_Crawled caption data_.
____________

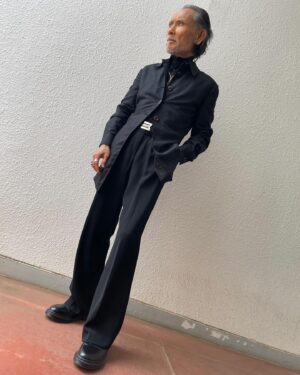 Tsurutaro Kataoka Instagram - ガーネットネックレス✨

⭐️Giorgio Armani（ジョルジオ アルマーニ）ジャケット✨

⭐️オリジナルデザインシルクシャツ✨

⭐️TOMASO（トマソ）パンツ🩳

⭐️BVLGARI（ブルガリ）ベルト✨

⭐️georg jensen （ジョージジェンセン）ヘマタイトイアリング👂

⭐️アンティークガーネットネックレス✨

⭐️アンティークインディアンジュエリーブレスレット✨

⭐️アンティークインディアンジュエリーリング💍

⭐️アンティークTouareg(トゥアレグ)シルバーリング💍

⭐️Dr. Martens（ドクターマーチン）スリッポン👞

#片岡鶴太郎#俳優#画家#ヨーギー#ヨガ#つるちゃん#オシャレ#古着#太田プロ#芸人#ぴよこちゃん#おでん芸#ものまね#ボクシング#ちょっちゅね#pm11時起き#ネックレス#ガーネット#ドクターマーチン#アンティーク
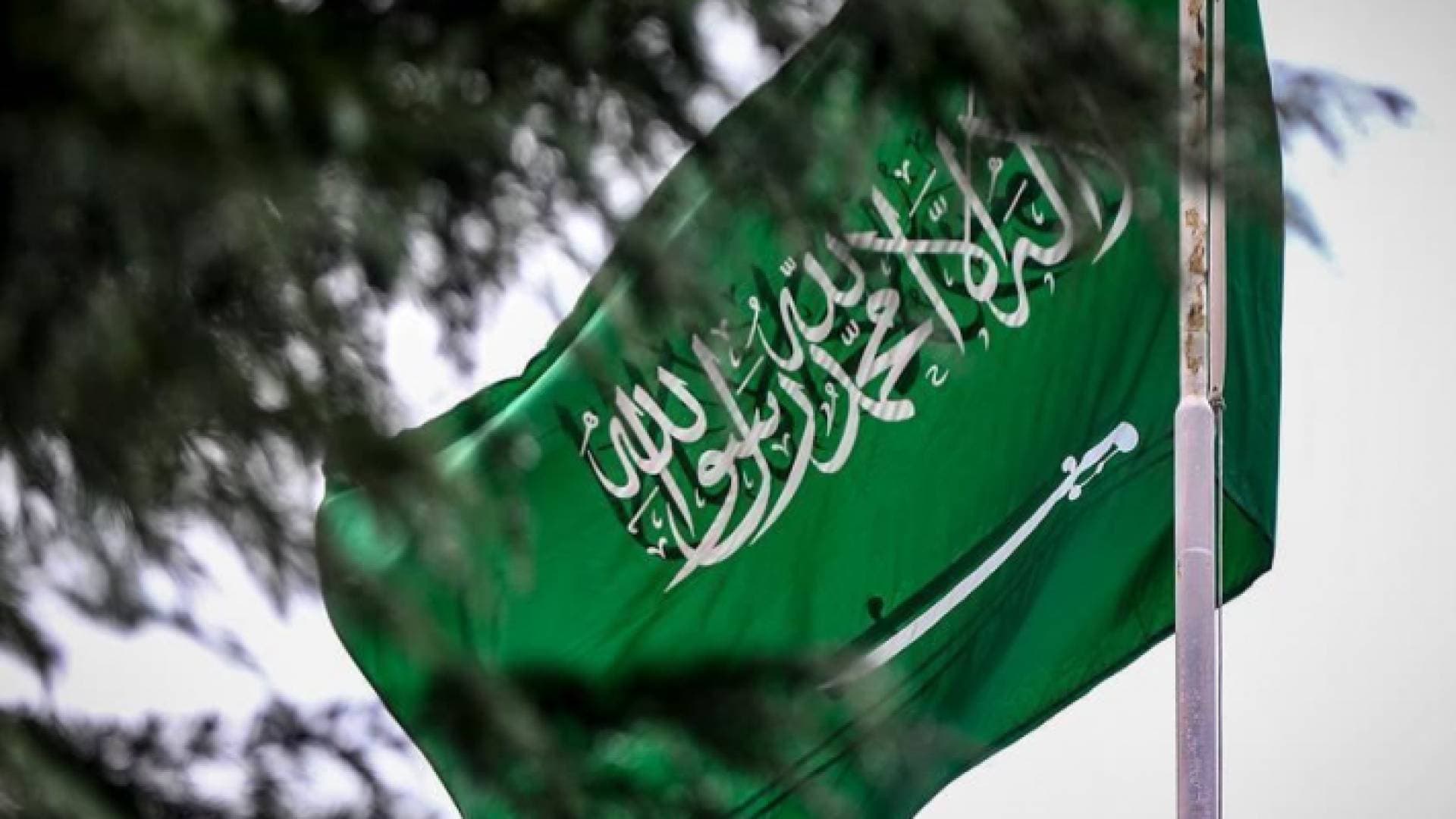 العربية: السعودية تقرر تعليق المحاضرات وتحفيظ القرآن بجميع المساجد
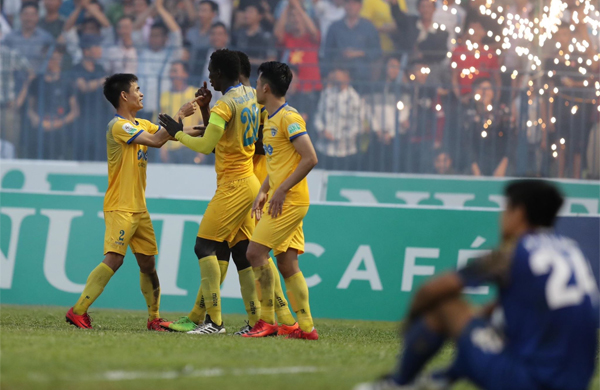 Tiến Dũng cứu thua phút chót, Thanh Hóa hạ SLNA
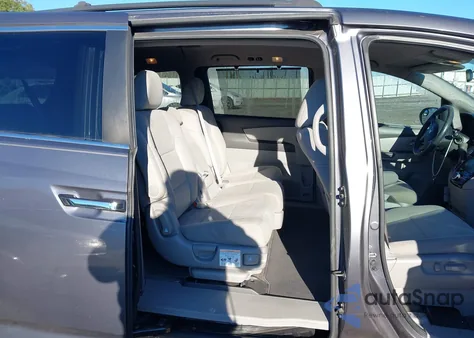 2014 Honda Odyssey Ex z USA, uszkodzony, nr VIN 5FNRL5H42EB008564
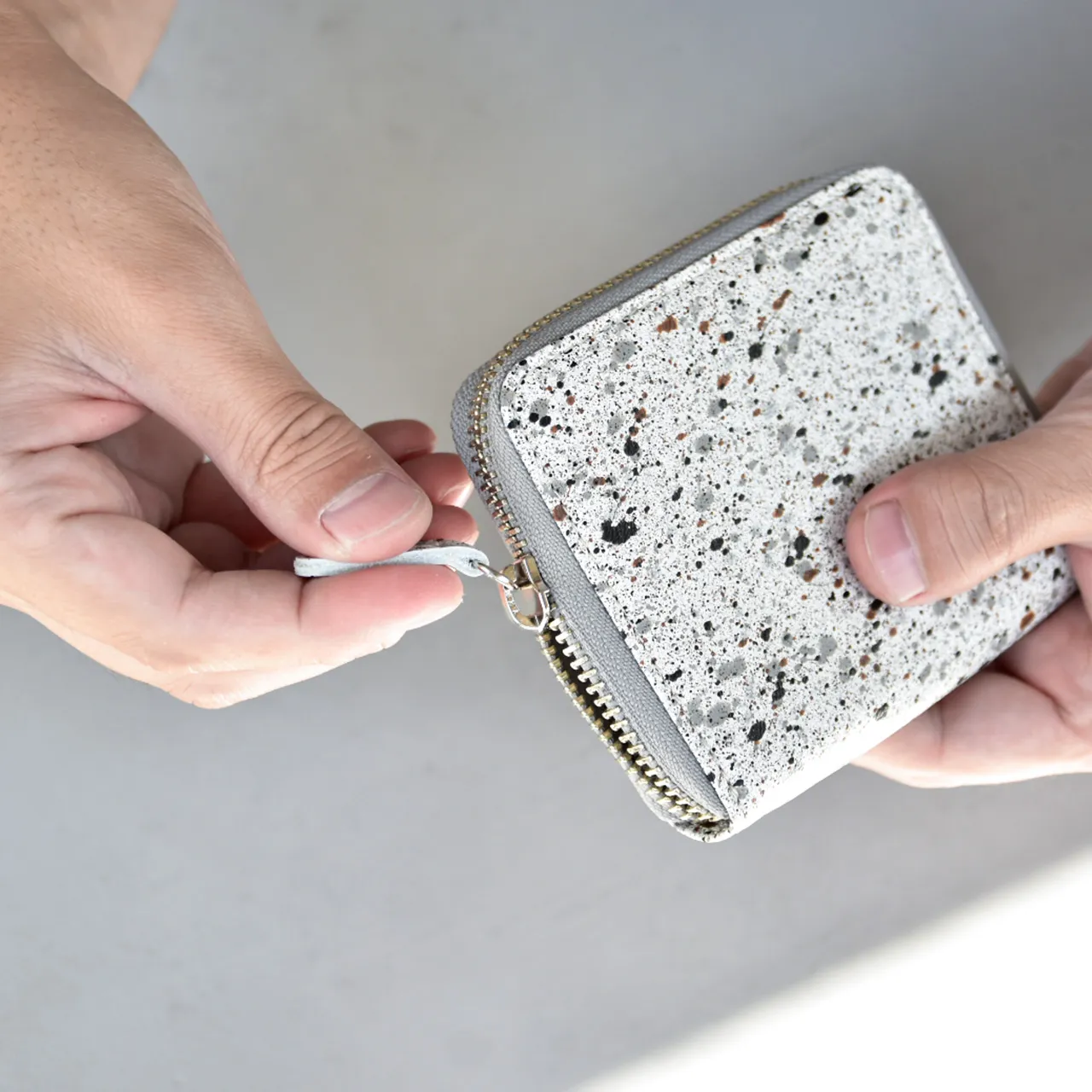 MIKAGE / Mini Round Zip Wallet - Kanaete(カナエテ) - アイデアを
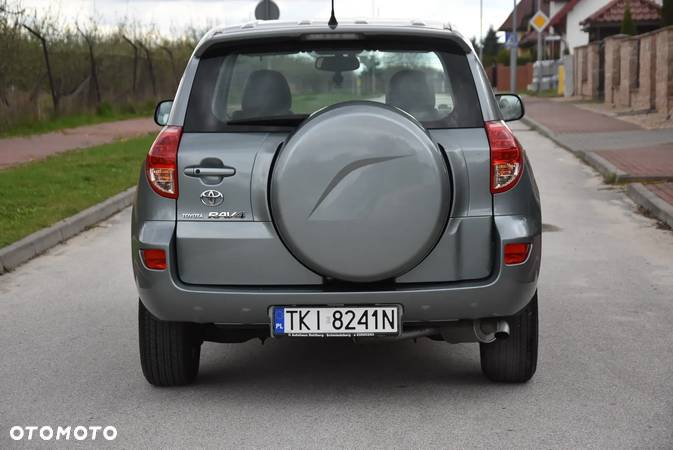 Toyota RAV4 2.0 VVT-i Premium - 8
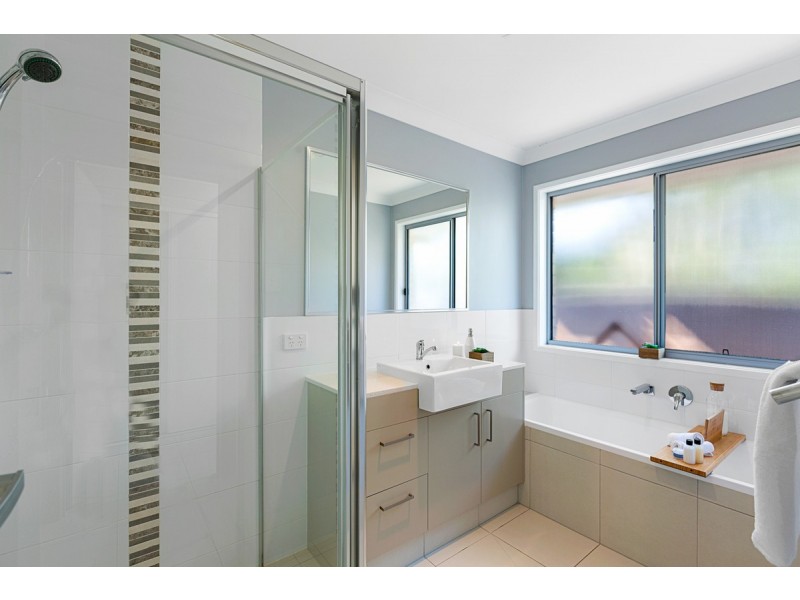 2/39 Wattle Street, Victoria Point QLD 4165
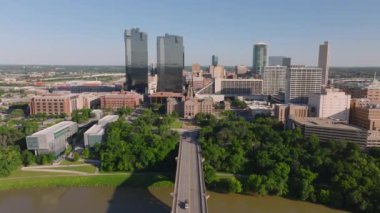 Fort Worth, Texas şehir merkezinin havadan görünüşü, güzel bir parkın üzerindeki şehir siluetini ve Tarrant County Court 'u yakalıyor..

____________

_ASSIGNMENT_.
No pictures should appear; only the lines from the first line of the records through the line with "Toyota RAV4 2.0 VVT-i Premium - 8", both included, are to be restated word for word.

_SOLUTION TO THIS EXERCISE_.
 Tsurutaro Kataoka Instagram - ガーネットネックレス✨

⭐️Giorgio Armani（ジョルジオ アルマーニ）ジャケット✨

⭐️オリジナルデザインシルクシャツ✨

⭐️TOMASO（トマソ）パンツ🩳

⭐️BVLGARI（ブルガリ）ベルト✨

⭐️georg jensen （ジョージジェンセン）ヘマタイトイアリング👂

⭐️アンティークガーネットネックレス✨

⭐️アンティークインディアンジュエリーブレスレット✨

⭐️アンティークインディアンジュエリーリング💍

⭐️アンティークTouareg(トゥアレグ)シルバーリング💍

⭐️Dr. Martens（ドクターマーチン）スリッポン👞

#片岡鶴太郎#俳優#画家#ヨーギー#ヨガ#つるちゃん#オシャレ#古着#太田プロ#芸人#ぴよこちゃん#おでん芸#ものまね#ボクシング#ちょっちゅね#pm11時起き#ネックレス#ガーネット#ドクターマーチン#アンティーク
 العربية: السعودية تقرر تعليق المحاضرات وتحفيظ القرآن بجميع المساجد
 Tiến Dũng cứu thua phút chót, Thanh Hóa hạ SLNA
 2014 Honda Odyssey Ex z USA, uszkodzony, nr VIN 5FNRL5H42EB008564
 MIKAGE / Mini Round Zip Wallet - Kanaete(カナエテ) - アイデアを
 Toyota RAV4 2.0 VVT-i Premium - 8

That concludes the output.